2. Variabel risiko perusahaan berpengaruh negatif terhadap variabel tax avoidance, yang menunjukkan bahwa semakin tinggi risiko perusahaan akan tindakan tax avoidance yang dilakukan oleh eksekutif akan semakin rendah. Hal ini mendukung penelitian Pranata dan Herawati (2014) dan Dewi dan Jati (2014). Tetapi tidak mendukung penelitian Budiman dan Setiyono (2012).

3. Variabel leverage berpengaruh negatif terhadap variabel tax avoidance, yang menunjukkan bahwa perusahaan yang memiliki kewajiban pajak tinggi akan memilih untuk berhutang agar mengurangi pajak. Dengan sengajanya perusahaan berutang untuk

mengurangi beban pajak maka dapat disebutkan bahwa perusahaan tersebut agresif terhadap pajak. Hasil ini mendukung penelitian yang dilakukan oleh Swingly dan Sukartha (2015), dan Richardson dan Lanis (2007).

4. Kepemilikan institusional, risiko perusahaan, dan leverage secara simultan berpengaruh terhadap tindakan tax avoidance.

B. SARAN

Hasil penelitian ini diharapkan dapat memberikan kontribusi dalam pengembangan ilmu akuntansi yang khususnya berada pada bidang pajak mengenai dampak dari aktivitas tax avoidance. Penelitian ini dimasa mendatang diharapkan dapat menyajikan hasil yang lebih berkualitas lagi dengan adanya beberapa masukan mengenai beberapa hal diantaranya :

1. Penelitian selanjutnya dapat menggunakan pengukuran selain CETR (Cash Effective Tax Rate) dalam mengukur tax avoidance.

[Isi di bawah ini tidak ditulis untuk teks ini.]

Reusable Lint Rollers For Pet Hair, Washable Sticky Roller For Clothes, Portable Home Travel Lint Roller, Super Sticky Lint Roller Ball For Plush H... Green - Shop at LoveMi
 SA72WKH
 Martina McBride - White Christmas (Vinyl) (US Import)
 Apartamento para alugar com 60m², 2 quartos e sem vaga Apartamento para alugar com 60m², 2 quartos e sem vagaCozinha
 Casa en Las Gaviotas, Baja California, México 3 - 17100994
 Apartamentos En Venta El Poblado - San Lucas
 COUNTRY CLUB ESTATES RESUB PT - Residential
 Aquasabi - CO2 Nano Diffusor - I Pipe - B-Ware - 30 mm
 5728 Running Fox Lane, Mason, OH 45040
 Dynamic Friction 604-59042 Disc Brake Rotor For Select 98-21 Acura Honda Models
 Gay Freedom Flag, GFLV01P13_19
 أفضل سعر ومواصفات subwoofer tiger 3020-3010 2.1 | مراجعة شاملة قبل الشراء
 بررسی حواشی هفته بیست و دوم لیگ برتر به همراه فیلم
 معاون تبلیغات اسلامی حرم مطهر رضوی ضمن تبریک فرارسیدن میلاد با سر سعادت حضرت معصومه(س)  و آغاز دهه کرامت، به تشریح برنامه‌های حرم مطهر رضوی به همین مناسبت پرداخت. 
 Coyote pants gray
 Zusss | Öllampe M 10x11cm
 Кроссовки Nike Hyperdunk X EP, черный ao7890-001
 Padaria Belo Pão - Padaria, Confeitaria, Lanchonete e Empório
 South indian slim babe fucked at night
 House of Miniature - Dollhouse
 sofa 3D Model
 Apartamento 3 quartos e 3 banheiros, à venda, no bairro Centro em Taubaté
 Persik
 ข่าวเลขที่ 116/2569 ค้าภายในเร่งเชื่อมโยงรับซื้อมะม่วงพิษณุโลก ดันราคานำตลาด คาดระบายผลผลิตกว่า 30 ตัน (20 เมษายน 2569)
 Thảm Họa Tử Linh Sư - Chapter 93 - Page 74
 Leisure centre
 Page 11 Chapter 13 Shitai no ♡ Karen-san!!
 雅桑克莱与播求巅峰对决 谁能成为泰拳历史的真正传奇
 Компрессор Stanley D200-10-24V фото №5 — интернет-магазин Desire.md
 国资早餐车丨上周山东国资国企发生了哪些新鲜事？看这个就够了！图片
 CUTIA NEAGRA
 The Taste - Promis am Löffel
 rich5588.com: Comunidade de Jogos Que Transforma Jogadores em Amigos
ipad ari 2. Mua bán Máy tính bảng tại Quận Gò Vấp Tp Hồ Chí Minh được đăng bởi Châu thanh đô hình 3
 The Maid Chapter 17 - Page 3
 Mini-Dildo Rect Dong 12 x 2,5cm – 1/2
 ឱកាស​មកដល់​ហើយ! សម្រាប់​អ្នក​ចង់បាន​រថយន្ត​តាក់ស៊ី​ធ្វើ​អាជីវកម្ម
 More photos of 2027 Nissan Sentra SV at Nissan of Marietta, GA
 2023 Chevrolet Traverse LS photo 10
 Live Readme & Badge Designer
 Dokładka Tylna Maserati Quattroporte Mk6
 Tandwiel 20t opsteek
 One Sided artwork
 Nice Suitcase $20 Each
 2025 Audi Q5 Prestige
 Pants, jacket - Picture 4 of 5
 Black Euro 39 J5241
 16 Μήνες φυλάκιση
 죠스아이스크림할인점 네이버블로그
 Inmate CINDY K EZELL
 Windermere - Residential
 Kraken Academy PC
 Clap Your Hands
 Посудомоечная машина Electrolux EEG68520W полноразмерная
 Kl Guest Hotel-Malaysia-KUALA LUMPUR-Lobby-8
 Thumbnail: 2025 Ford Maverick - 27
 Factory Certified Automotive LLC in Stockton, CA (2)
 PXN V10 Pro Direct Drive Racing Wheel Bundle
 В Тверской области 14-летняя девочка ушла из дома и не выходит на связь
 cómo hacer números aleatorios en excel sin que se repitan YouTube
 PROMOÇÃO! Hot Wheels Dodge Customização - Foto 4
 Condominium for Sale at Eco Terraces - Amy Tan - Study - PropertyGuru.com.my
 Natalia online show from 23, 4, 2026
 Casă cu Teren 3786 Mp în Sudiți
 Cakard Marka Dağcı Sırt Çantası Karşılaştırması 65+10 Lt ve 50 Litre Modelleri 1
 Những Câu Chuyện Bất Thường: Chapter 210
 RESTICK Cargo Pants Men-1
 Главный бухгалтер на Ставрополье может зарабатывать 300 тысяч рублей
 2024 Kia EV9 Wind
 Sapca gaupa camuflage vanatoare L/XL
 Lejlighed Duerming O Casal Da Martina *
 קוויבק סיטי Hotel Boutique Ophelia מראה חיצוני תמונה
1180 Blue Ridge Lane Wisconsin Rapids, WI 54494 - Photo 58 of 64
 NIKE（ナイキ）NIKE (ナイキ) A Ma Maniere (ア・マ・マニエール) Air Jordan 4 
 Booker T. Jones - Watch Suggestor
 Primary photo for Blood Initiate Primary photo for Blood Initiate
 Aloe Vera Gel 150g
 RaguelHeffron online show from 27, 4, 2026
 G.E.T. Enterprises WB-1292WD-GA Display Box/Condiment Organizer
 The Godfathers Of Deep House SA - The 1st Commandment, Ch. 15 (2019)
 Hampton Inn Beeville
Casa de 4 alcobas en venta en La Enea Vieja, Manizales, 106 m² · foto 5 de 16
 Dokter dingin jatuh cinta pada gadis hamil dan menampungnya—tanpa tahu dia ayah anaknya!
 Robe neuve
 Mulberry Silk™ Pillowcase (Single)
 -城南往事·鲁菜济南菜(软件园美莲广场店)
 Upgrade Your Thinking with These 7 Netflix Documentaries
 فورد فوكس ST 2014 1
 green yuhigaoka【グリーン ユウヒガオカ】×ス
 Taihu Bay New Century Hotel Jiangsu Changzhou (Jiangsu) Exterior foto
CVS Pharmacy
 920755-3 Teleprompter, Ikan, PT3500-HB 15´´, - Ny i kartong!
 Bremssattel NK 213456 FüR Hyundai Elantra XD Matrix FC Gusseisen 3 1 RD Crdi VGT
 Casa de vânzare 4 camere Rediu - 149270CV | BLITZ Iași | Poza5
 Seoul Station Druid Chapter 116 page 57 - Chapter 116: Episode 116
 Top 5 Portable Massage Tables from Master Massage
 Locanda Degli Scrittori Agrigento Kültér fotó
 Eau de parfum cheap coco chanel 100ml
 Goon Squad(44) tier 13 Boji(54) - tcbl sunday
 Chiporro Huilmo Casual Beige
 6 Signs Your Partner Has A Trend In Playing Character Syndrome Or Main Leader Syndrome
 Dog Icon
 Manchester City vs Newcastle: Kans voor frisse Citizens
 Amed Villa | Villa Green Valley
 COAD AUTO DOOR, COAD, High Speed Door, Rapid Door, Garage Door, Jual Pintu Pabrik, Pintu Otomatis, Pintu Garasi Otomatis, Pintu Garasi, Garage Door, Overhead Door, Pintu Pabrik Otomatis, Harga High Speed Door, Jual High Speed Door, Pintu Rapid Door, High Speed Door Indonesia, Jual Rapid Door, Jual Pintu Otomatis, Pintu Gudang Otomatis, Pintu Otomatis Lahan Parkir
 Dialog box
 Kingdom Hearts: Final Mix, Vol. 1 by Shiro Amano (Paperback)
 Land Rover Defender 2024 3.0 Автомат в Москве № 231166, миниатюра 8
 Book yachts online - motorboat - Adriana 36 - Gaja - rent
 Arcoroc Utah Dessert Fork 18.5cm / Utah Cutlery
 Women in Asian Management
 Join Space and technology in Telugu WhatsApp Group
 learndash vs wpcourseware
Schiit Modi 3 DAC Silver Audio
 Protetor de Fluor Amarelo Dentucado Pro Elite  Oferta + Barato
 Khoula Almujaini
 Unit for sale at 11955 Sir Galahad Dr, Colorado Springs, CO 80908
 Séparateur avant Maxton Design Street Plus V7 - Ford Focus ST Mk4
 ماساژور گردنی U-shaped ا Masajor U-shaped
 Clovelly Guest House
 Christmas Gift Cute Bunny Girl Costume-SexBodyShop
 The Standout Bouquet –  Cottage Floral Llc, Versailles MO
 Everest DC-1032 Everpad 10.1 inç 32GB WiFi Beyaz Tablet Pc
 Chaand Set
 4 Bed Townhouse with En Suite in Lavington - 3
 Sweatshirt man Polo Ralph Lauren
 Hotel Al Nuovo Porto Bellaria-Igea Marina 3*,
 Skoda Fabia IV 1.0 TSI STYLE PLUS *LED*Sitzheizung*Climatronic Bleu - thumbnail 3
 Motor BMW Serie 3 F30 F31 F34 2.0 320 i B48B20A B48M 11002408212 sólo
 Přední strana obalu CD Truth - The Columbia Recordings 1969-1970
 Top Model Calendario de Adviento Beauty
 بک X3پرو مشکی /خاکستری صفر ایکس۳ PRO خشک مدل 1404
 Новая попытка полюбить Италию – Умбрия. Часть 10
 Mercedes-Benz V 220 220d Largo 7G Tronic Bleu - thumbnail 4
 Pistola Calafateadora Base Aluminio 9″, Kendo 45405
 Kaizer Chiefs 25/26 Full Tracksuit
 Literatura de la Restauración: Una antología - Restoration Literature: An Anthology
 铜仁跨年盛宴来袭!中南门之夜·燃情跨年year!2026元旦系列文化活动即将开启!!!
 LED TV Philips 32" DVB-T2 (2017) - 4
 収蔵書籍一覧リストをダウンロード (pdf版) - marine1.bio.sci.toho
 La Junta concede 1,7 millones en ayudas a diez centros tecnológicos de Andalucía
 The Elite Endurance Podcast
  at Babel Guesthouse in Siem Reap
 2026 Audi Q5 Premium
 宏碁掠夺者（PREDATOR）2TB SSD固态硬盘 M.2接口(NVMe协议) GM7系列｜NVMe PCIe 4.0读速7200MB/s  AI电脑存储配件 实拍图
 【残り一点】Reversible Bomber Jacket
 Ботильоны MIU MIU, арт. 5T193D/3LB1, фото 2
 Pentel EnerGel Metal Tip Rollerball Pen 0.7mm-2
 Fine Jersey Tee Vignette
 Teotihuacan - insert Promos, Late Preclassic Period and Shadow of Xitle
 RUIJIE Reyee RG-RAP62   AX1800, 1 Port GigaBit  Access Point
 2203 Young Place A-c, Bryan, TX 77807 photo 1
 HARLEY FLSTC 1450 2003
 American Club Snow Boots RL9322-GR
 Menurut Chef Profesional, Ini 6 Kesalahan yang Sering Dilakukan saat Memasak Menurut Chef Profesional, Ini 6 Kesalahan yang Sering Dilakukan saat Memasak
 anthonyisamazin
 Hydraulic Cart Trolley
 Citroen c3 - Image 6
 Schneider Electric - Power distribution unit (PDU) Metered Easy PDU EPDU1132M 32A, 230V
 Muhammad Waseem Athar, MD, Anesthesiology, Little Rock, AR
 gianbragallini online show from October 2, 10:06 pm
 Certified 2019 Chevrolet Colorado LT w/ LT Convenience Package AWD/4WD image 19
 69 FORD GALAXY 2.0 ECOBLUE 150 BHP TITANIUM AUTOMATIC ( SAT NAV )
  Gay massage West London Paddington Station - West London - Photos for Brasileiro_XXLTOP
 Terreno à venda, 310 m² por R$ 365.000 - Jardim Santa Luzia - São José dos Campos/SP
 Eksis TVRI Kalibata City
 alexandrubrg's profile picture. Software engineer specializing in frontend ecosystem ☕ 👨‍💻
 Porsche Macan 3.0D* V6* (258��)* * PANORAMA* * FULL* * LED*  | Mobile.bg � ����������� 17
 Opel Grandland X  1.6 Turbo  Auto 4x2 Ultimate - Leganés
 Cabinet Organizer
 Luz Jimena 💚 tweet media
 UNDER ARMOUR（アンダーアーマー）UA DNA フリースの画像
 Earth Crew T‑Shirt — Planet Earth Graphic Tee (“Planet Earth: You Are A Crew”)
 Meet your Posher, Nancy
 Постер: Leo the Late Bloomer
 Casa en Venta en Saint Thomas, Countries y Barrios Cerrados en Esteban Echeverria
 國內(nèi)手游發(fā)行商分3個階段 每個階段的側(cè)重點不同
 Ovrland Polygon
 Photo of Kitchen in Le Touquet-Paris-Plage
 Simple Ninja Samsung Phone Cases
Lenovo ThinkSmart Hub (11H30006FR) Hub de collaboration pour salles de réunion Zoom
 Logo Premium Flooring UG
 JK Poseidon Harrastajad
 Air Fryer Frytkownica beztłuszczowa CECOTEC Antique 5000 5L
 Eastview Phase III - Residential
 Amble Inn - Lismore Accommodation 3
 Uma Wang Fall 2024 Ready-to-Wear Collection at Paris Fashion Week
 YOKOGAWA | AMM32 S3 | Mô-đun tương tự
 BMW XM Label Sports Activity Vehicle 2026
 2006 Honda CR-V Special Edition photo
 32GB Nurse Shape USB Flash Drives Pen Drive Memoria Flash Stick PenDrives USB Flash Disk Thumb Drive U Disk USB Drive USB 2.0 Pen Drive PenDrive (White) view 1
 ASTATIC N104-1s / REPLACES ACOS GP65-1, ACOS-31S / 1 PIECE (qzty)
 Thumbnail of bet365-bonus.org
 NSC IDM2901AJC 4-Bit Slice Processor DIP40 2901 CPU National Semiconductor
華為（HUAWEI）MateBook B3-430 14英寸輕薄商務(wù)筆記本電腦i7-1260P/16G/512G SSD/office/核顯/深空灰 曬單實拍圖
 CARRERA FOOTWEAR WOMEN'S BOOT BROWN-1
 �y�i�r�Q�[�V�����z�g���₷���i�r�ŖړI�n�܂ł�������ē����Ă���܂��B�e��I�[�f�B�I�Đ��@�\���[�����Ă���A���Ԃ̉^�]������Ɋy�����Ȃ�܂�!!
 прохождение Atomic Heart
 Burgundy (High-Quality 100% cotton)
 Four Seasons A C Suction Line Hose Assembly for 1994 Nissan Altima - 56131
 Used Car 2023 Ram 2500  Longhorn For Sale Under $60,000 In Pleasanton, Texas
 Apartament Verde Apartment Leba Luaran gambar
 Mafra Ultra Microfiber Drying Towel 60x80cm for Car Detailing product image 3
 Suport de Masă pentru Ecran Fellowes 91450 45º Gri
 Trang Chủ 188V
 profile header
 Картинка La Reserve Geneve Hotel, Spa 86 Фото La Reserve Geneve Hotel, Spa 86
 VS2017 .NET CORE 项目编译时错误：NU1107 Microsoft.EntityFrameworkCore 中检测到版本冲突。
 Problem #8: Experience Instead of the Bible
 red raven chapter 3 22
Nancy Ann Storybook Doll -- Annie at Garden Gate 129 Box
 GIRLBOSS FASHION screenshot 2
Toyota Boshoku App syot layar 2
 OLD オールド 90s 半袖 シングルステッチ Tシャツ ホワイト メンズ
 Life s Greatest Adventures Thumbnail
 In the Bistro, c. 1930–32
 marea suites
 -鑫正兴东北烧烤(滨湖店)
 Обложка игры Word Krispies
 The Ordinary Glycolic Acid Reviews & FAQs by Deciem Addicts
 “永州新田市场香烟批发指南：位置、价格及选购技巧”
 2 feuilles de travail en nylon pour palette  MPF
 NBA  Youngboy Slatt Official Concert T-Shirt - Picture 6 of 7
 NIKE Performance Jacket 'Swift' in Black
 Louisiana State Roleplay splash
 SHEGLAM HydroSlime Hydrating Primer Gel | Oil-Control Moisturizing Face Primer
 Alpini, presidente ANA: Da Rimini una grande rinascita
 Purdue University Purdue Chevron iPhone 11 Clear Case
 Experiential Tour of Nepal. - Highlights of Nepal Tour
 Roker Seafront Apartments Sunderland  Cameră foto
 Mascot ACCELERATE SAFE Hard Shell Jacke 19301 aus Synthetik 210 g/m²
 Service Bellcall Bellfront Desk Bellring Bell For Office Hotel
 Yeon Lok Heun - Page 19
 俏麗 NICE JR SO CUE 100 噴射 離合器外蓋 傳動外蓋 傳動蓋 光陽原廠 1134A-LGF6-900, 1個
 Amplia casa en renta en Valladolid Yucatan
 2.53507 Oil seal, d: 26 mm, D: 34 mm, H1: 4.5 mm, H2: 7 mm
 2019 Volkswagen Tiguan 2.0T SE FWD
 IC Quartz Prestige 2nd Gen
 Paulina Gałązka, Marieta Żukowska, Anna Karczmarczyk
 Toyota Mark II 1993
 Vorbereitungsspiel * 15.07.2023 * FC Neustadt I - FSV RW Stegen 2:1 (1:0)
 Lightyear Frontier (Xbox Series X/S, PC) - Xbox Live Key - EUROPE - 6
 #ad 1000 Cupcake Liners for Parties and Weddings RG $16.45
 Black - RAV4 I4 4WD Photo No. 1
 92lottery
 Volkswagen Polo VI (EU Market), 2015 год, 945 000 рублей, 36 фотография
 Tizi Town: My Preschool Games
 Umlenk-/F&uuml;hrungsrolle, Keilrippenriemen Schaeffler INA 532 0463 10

Salah satu contohnya adalah dengan menggunakan pengukuran book tax gap (BTG).

2. Penelitian selanjutnya bisa mempertimbangan untuk meneliti tax avoidance untuk jangka panjang (10 tahun), Dyreng et al (2009) menyatakan bahwa pengukuran tax avoidance yang tepat bagi perusahaan adalah secara jangka panjang, karena diharapkan mampu menghapuskan permanent difference sehingga benar-benar

mencerminkan perilaku tax avoidance yang dilakukan oleh perusahaan.

3. Penelitian selanjutnya disarankan untuk meneliti perusahaan sektor industri lain selain sektor industri manufaktur. Dengan demikian dapat diketahui pengaruh dari kepemilikan institusional, risiko perusahaan, dan leverage terhadap tax avoidance dari masing-masing sektor industri yang ada.

4. Penelitian selanjutnya disarankan untuk menambah atau mengganti variabel independen lain yang mungkin mempengaruhi tindakan tax avoidance seperti ukuran perusahaan, kompensasi rugi fiskal, pertumbuhan penjualan, dan insentif pajak.